* [Data records]
——————————

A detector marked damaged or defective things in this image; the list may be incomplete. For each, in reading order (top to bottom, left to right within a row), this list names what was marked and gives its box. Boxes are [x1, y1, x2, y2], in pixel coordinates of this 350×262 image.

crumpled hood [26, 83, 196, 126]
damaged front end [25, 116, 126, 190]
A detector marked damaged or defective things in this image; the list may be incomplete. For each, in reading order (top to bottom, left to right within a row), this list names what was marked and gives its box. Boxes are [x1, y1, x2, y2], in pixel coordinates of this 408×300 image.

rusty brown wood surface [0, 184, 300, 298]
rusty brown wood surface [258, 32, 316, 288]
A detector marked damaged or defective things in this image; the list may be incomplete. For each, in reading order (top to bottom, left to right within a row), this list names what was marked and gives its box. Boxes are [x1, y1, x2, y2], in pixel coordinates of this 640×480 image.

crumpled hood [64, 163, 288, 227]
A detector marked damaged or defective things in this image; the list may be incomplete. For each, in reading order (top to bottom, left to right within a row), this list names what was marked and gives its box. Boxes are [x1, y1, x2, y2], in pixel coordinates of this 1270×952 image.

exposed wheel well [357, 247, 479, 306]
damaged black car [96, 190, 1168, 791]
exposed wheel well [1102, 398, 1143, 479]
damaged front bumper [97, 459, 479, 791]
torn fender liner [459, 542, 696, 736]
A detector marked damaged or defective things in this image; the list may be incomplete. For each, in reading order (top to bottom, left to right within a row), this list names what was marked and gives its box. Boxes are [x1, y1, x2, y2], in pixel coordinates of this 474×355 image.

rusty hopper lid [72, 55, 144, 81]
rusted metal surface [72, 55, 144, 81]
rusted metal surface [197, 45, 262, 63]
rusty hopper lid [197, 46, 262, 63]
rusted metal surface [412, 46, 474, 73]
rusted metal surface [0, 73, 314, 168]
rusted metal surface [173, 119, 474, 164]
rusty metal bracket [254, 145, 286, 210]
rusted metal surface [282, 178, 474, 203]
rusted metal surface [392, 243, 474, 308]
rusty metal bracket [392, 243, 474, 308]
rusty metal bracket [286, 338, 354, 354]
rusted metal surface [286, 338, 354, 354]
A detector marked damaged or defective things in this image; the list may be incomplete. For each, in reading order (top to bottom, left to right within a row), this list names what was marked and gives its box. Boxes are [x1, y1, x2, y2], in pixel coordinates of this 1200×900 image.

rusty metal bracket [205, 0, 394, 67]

——————————

Repeat the records above exactly as they appear.

A detector marked damaged or defective things in this image; the list may be incomplete. For each, in reading order (top to bottom, left to right within a row), this list names what was marked and gives its box. Boxes are [x1, y1, x2, y2], in pixel coordinates of this 350×262 image.

crumpled hood [26, 83, 196, 126]
damaged front end [25, 116, 126, 190]
A detector marked damaged or defective things in this image; the list may be incomplete. For each, in reading order (top to bottom, left to right within a row), this list names what was marked and gives its box. Boxes are [x1, y1, x2, y2], in pixel coordinates of this 408×300 image.

rusty brown wood surface [0, 184, 300, 298]
rusty brown wood surface [258, 32, 316, 288]
A detector marked damaged or defective things in this image; the list may be incomplete. For each, in reading order (top to bottom, left to right within a row), this list names what was marked and gives its box. Boxes are [x1, y1, x2, y2], in pixel coordinates of this 640×480 image.

crumpled hood [64, 163, 288, 227]
A detector marked damaged or defective things in this image; the list may be incomplete. For each, in reading order (top to bottom, left to right within a row), this list names what was marked and gives its box. Boxes are [x1, y1, x2, y2], in pixel coordinates of this 1270×952 image.

exposed wheel well [357, 247, 479, 306]
damaged black car [96, 190, 1168, 791]
exposed wheel well [1102, 398, 1143, 479]
damaged front bumper [97, 459, 479, 791]
torn fender liner [459, 542, 696, 736]
A detector marked damaged or defective things in this image; the list may be incomplete. For each, in reading order (top to bottom, left to right within a row), this list names what was marked and gives its box. Boxes are [x1, y1, x2, y2], in pixel coordinates of this 474×355 image.

rusty hopper lid [72, 55, 144, 81]
rusted metal surface [72, 55, 144, 81]
rusted metal surface [197, 45, 262, 63]
rusty hopper lid [197, 46, 262, 63]
rusted metal surface [412, 46, 474, 73]
rusted metal surface [0, 73, 314, 168]
rusted metal surface [173, 119, 474, 164]
rusty metal bracket [254, 145, 286, 210]
rusted metal surface [282, 178, 474, 203]
rusted metal surface [392, 243, 474, 308]
rusty metal bracket [392, 243, 474, 308]
rusty metal bracket [286, 338, 354, 354]
rusted metal surface [286, 338, 354, 354]
A detector marked damaged or defective things in this image; the list may be incomplete. For each, in reading order (top to bottom, left to right within a row), this list names what was marked and gives its box. Boxes are [x1, y1, x2, y2], in pixel coordinates of this 1200×900 image.

rusty metal bracket [205, 0, 394, 67]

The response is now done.